Trading stocks can be an exciting and profitable way to grow your wealth. However, for beginners, the stock market’s complexity, with its various strategies, platforms, and tools, can be overwhelming. Many new traders enter the market daily, but a lack of knowledge, preparation, and proper risk management prevents them from reaching their full potential.

If you’re eager to learn how to trade stocks but don’t know where to start, you’re not alone. The good news is that anyone can become a successful trader with the right knowledge, mindset, and approach. In this guide, we’ll walk you through six essential steps to begin stock trading, including determining your trading style, choosing a brokerage, conducting research, placing orders, and managing risk.

Whether you’re a complete novice or have some investment experience, this article will give you the foundation needed to confidently enter the world of stock trading. By following these steps and continually expanding your knowledge, you’ll develop the skills and strategies necessary to succeed in the ever-changing stock market. Let’s dive in and explore how you can start trading stocks today.

 1 Determine Your Trading Style

Before you begin trading, it’s crucial to decide on your trading style. Are you interested in short-term trading, or are you focused on the long-term? Do you have the time and dedication to be a day trader, or would swing or position trading be more appropriate?

Consider your personality, risk tolerance, and the time you can realistically devote to trading. Reflecting on these factors will help you choose a trading style that aligns with your goals and abilities.

For example, if you are generally risk-averse and don’t have much time for stock market analysis, day trading might not be the best fit. It requires constant attention to the markets during trading hours and making quick decisions under pressure; it’s not for the faint of heart. Swing or position trading may be more suitable, as these allow for longer holding periods and require less time commitment.

Most common trading styles

Swing Trading

  • Holding Period: From days to a few weeks or months
  • Time Commitment: Moderate
  • Risk and Volatility: Moderate

Position Trading (Long-Term)

  • Holding Period: Several months, years, or even decades
  • Time Commitment: Low
  • Risk and Volatility: Low to moderate

Day Trading

  • Holding Period: Intraday (positions are closed by the end of the trading day)
  • Time Commitment: High
  • Risk and Volatility: High

Day traders seek to profit from short-term price movements and typically close all positions by the end of the trading day, making their trades the quickest. Swing traders, on the other hand, hold positions for several days to a few weeks or months, aiming to capture short- to medium-term trends. This style requires less time commitment than day trading but still demands significant market engagement.

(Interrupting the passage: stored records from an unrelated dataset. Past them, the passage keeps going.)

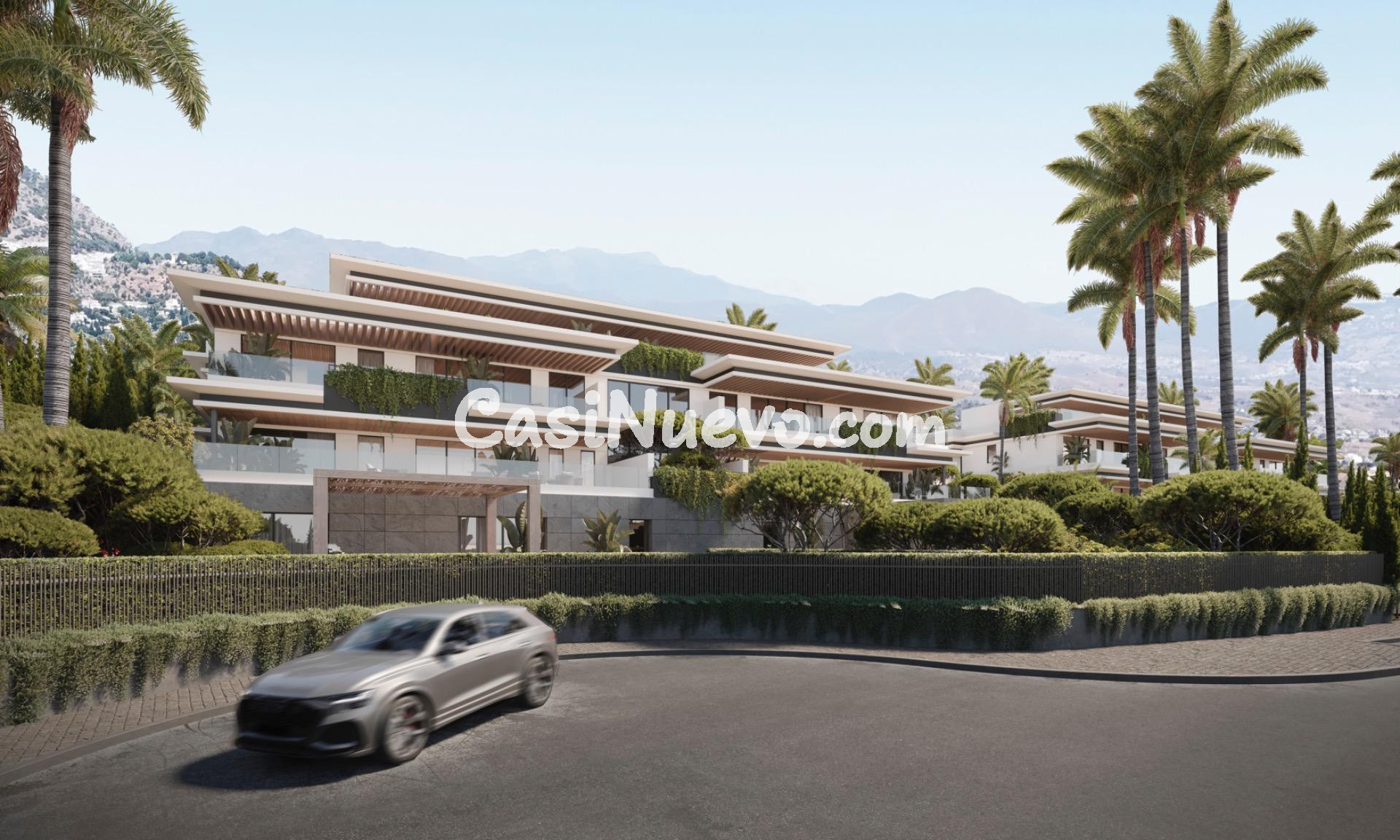 APARTAMENTO EN HIGUERÓN CON VISTAS AL MAR - foto 22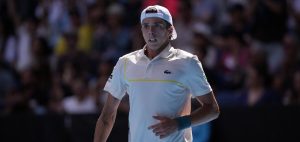 ATP, France > Le verdict est tombé pour Arthur Cazaux après son impressionnante blessure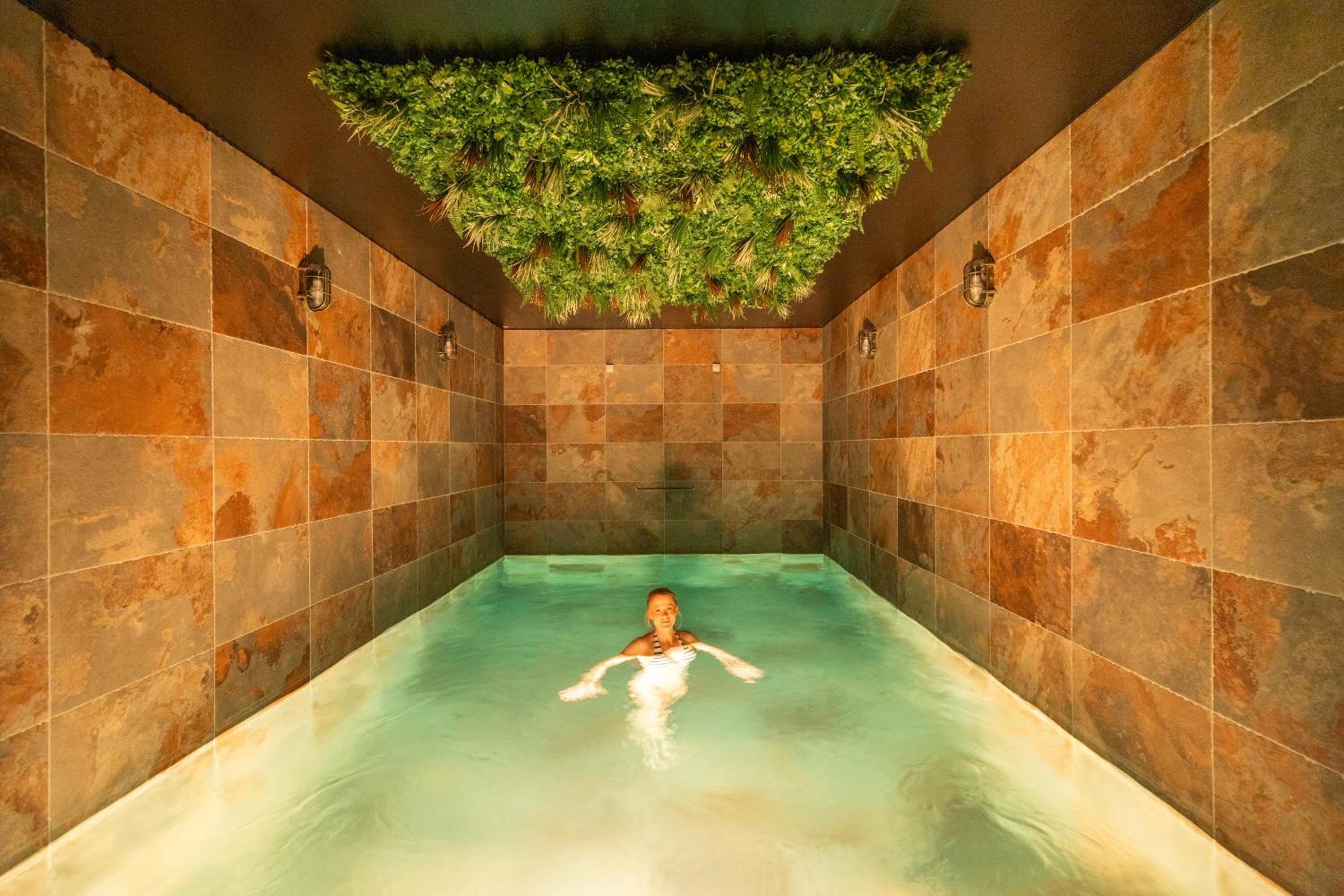 Junior Suite with Private Pool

The third style is position or long-term trading, where investors hold stocks for several months, years, or even decades. These traders focus on long-term trends, often relying on fundamental and technical analyses. This approach requires patience and a long-term perspective, with less frequent trading compared to the other two styles.

There is no one-size-fits-all approach to trading. It’s crucial to choose a style that aligns with your personality, risk tolerance, and lifestyle. As you gain experience and knowledge, or as your circumstances change, your preferred trading style may also evolve.

2 Research Brokerages and Choose One That Fits Your Trading Style

Once you’ve chosen your trading style, the next step is to find a suitable online broker and open an account. It’s important to select a brokerage that aligns with your trading needs, as different platforms offer varying features and tools tailored to specific trading styles.

Brokerages for Day Traders

Day traders require a platform with fast speeds (low latency), real-time data, and advanced charting capabilities. Essential tools for day traders include Level 2 quotes for detailed order book information and hot keys for rapid order execution. Some platforms also offer automated or algorithmic trading options, triggers, and a range of technical indicators. Popular brokerages for day traders include Interactive Brokers, TradeStation, and TD Ameritrade’s thinkorswim, known for their customizable platforms.

Brokerages for Swing Traders

Swing and position traders should seek platforms that offer a variety of indicators, research resources, fundamental analysis tools, and risk management features. Mobile trading apps are also beneficial for monitoring positions and trading on the go. Brokerages like Charles Schwab, Fidelity, Robinhood, and E*TRADE are well-suited for swing and position traders, providing a good balance of research tools, user-friendly interfaces, and competitive pricing, often with commission-free trading in most stocks and ETFs.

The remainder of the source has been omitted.